Everything from the first line of the data through the line with "Avizar Housse pour" is to be echoed exactly, minus the pictures.

################

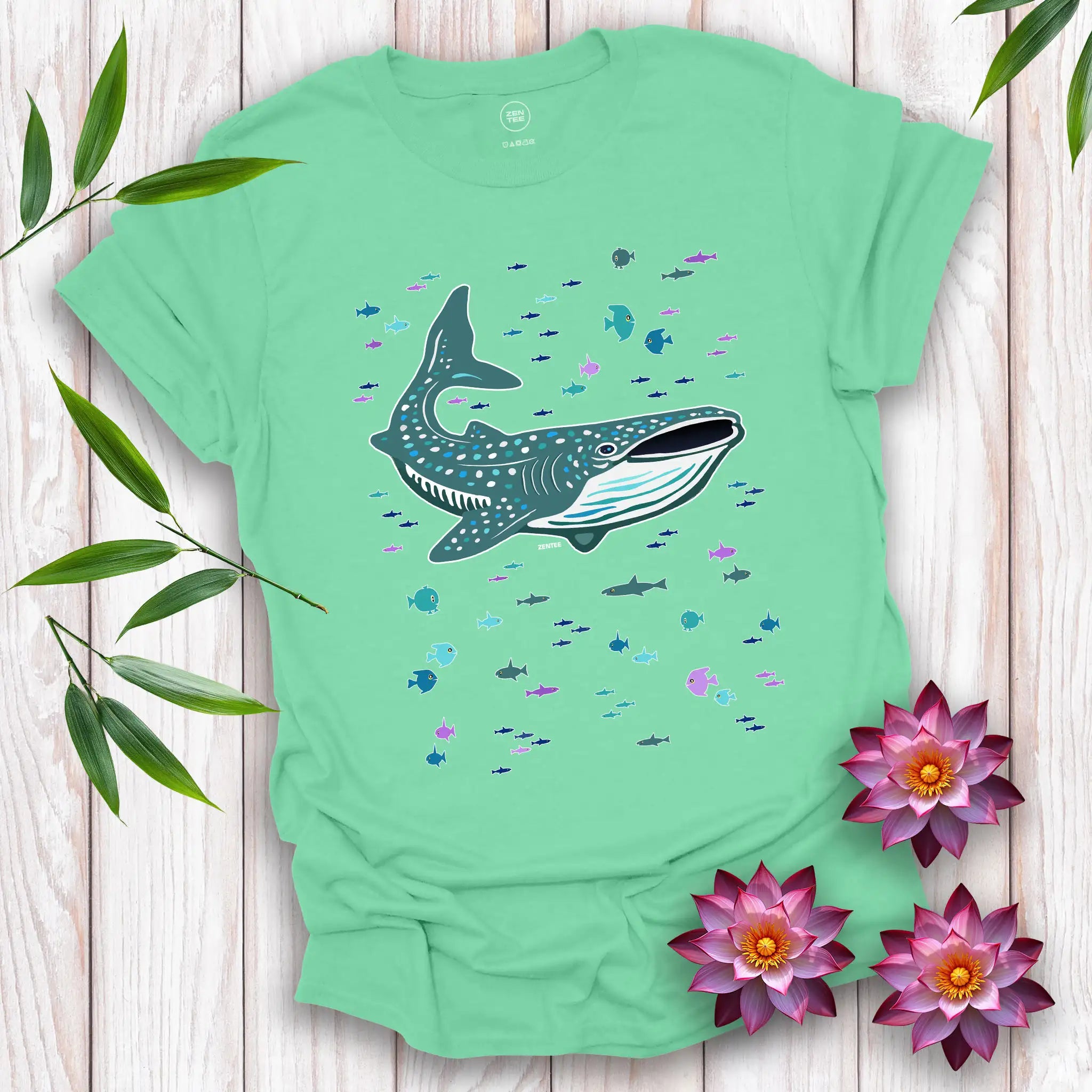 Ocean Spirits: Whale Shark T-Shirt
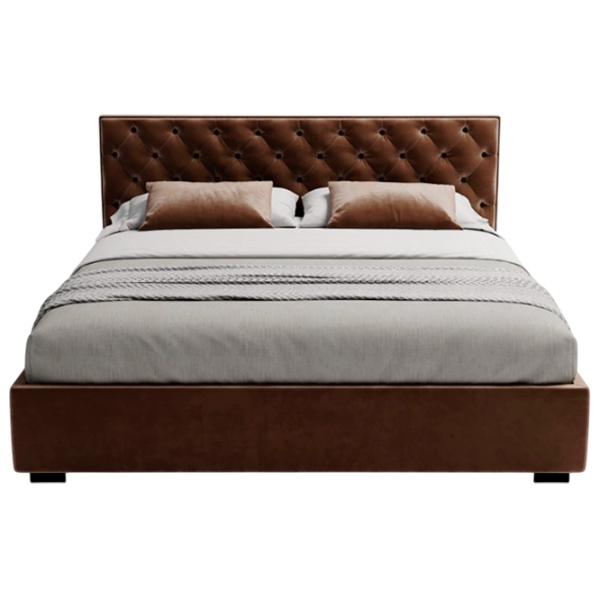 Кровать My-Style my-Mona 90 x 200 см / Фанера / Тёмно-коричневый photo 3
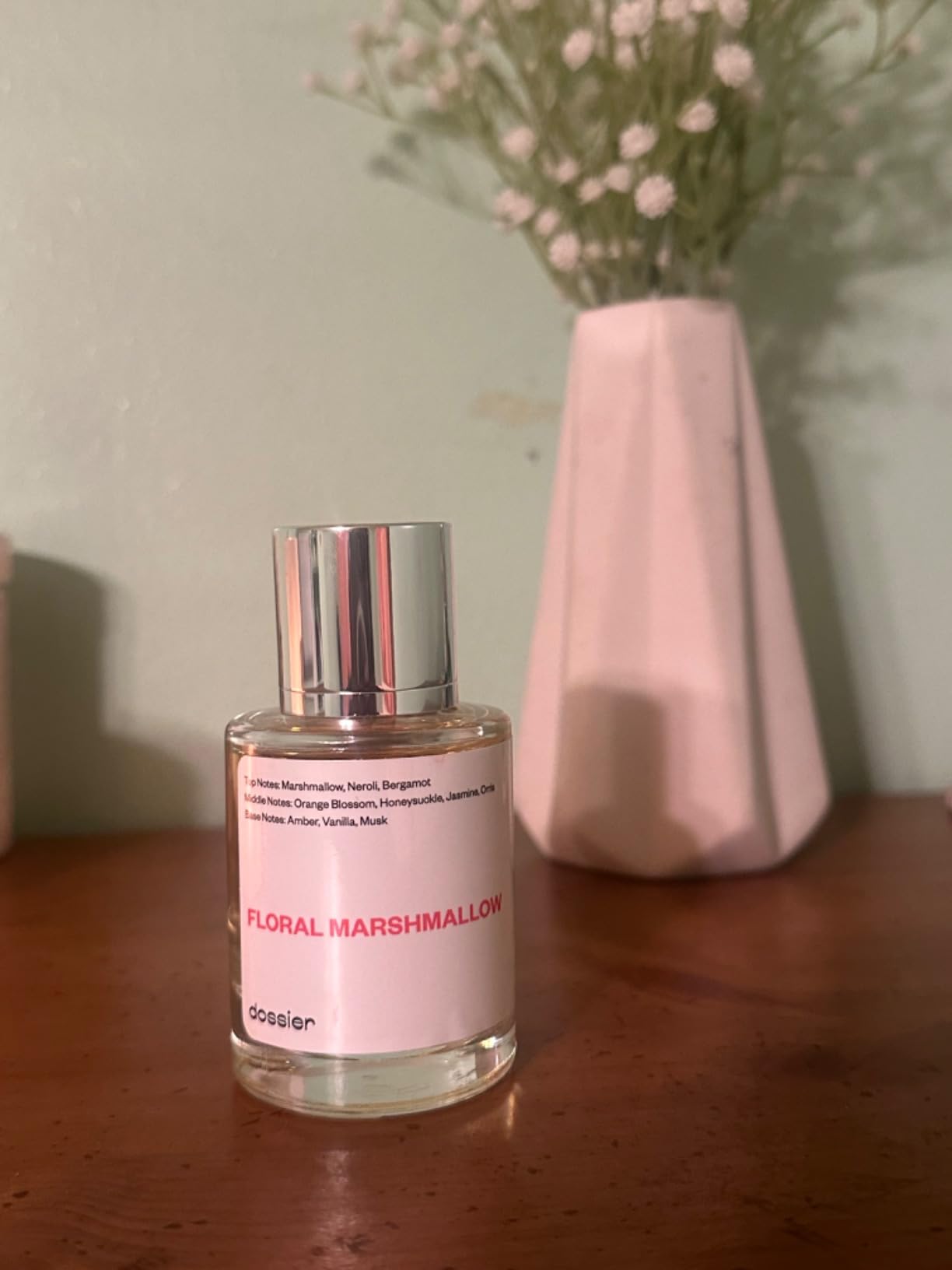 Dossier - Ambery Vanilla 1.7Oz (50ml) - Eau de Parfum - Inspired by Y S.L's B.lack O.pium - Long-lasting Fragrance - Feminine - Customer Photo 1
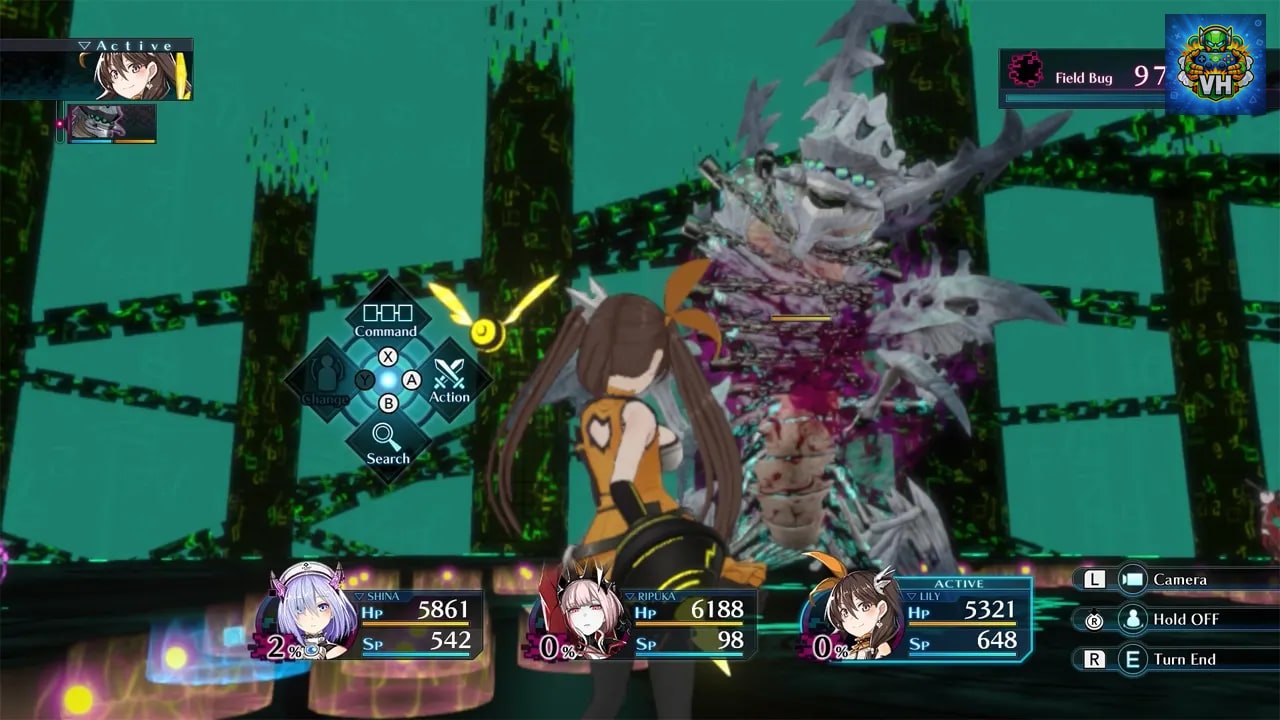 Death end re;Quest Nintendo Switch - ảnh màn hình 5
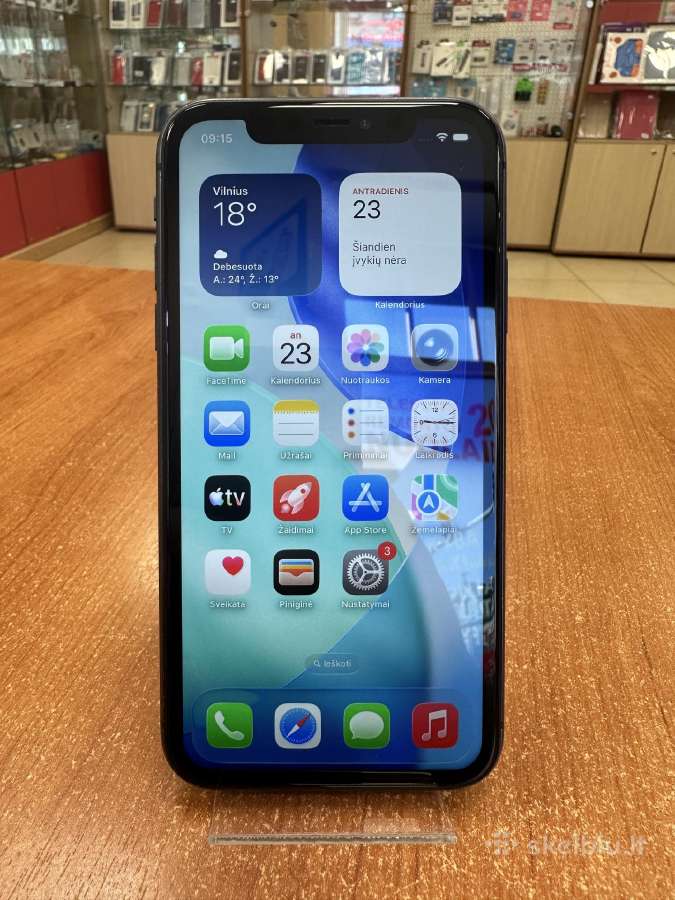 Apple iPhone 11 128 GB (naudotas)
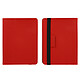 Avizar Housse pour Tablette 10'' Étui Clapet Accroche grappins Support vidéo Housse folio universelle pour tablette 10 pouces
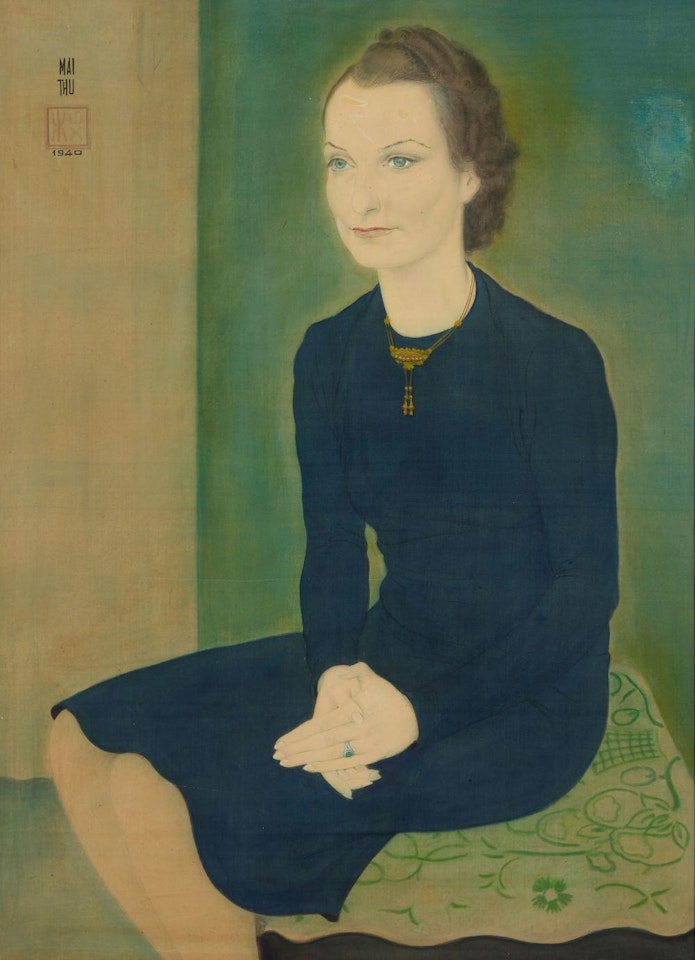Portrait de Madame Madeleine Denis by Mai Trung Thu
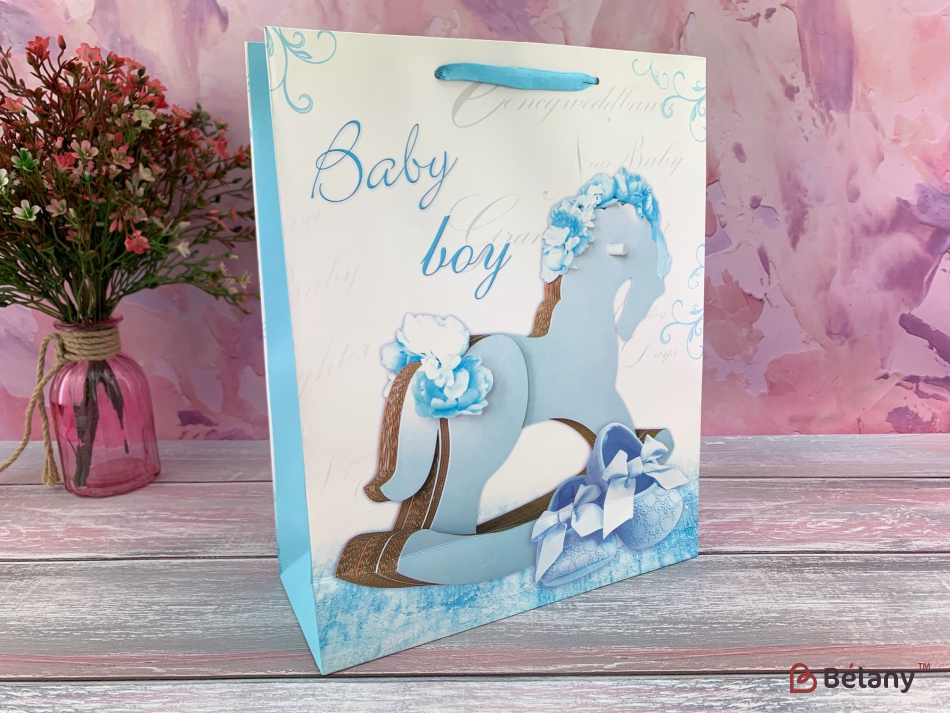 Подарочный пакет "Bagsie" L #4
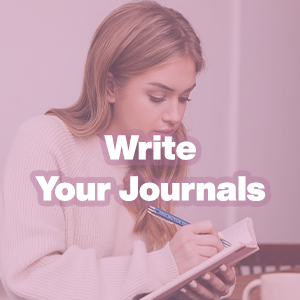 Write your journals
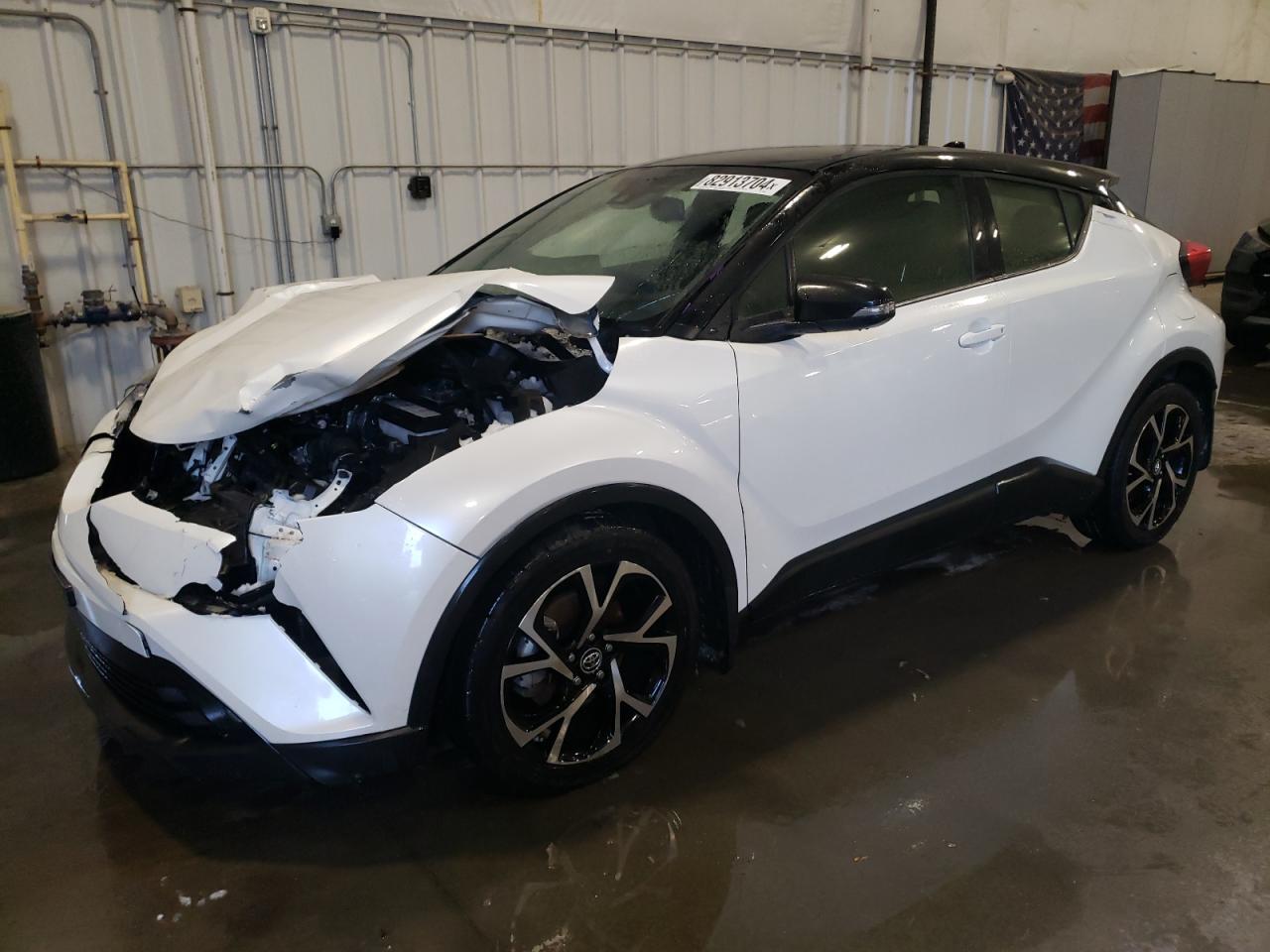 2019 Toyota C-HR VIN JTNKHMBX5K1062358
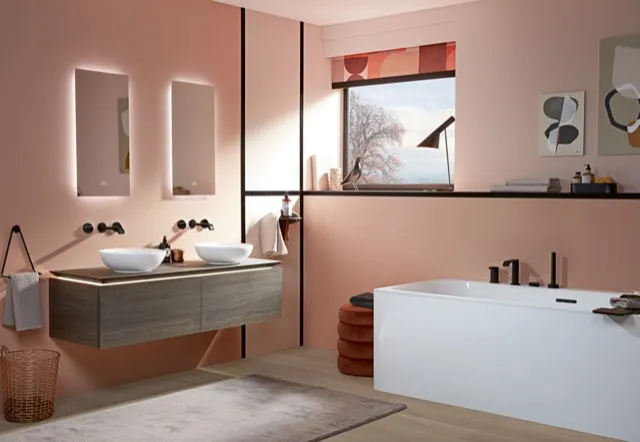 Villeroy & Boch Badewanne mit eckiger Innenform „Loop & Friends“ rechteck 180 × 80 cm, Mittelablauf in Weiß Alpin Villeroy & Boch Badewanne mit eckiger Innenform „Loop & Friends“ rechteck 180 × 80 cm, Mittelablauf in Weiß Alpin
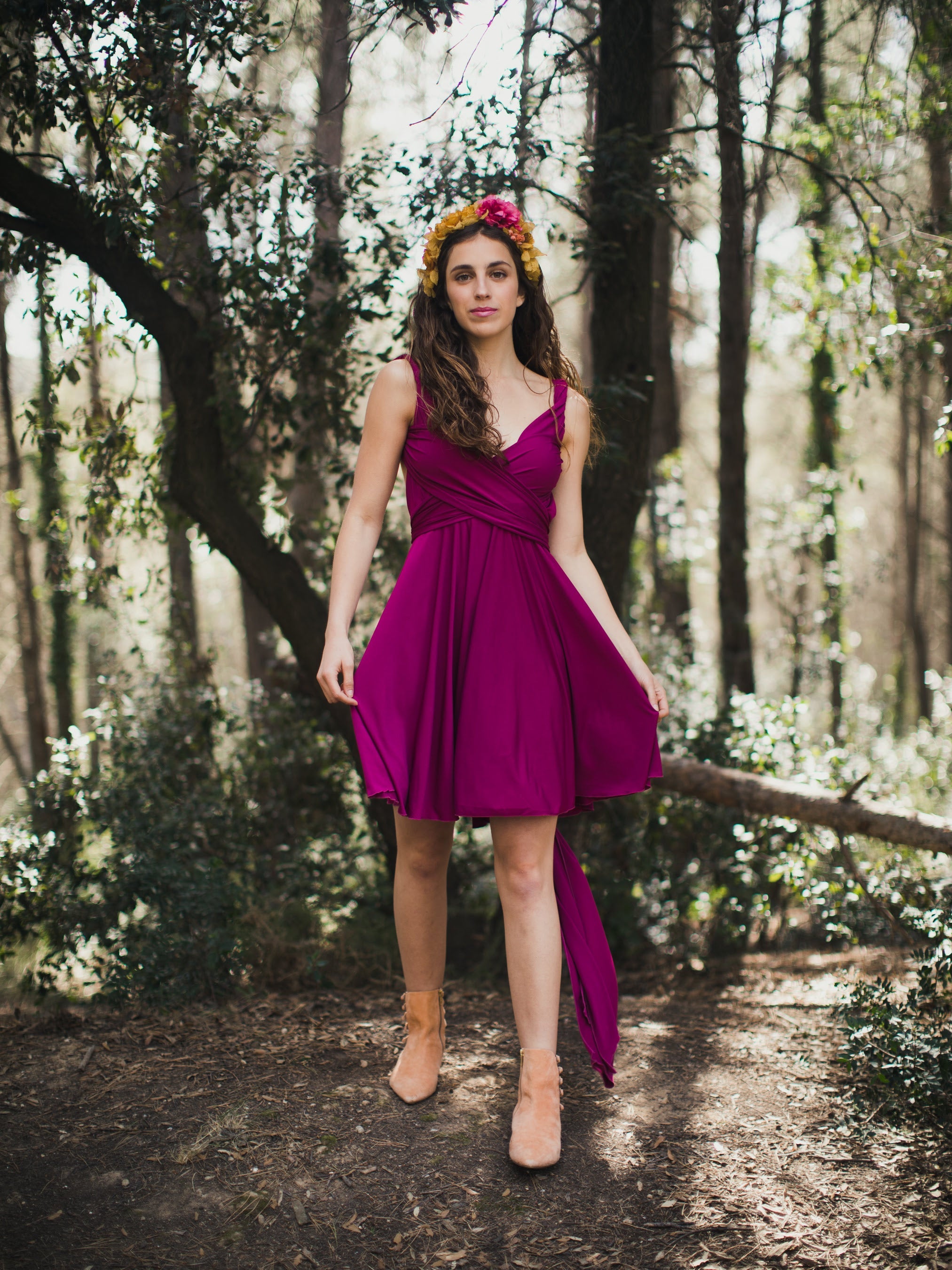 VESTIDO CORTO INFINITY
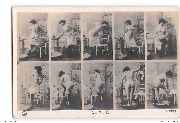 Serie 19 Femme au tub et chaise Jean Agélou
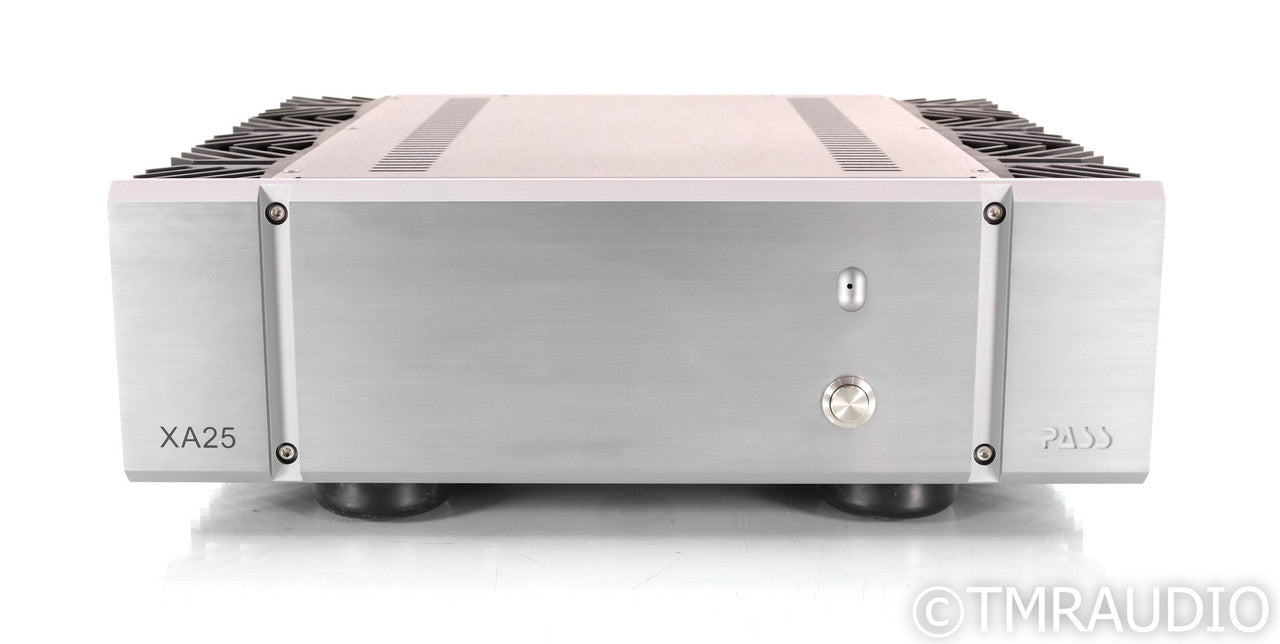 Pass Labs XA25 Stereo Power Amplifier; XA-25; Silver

################

◆ RESPONSE TO THE EXERCISE
 Ocean Spirits: Whale Shark T-Shirt
 Кровать My-Style my-Mona 90 x 200 см / Фанера / Тёмно-коричневый photo 3
 Dossier - Ambery Vanilla 1.7Oz (50ml) - Eau de Parfum - Inspired by Y S.L's B.lack O.pium - Long-lasting Fragrance - Feminine - Customer Photo 1
 Death end re;Quest Nintendo Switch - ảnh màn hình 5
 Apple iPhone 11 128 GB (naudotas)
 Avizar Housse pour Tablette 10'' Étui Clapet Accroche grappins Support vidéo Housse folio universelle pour tablette 10 pouces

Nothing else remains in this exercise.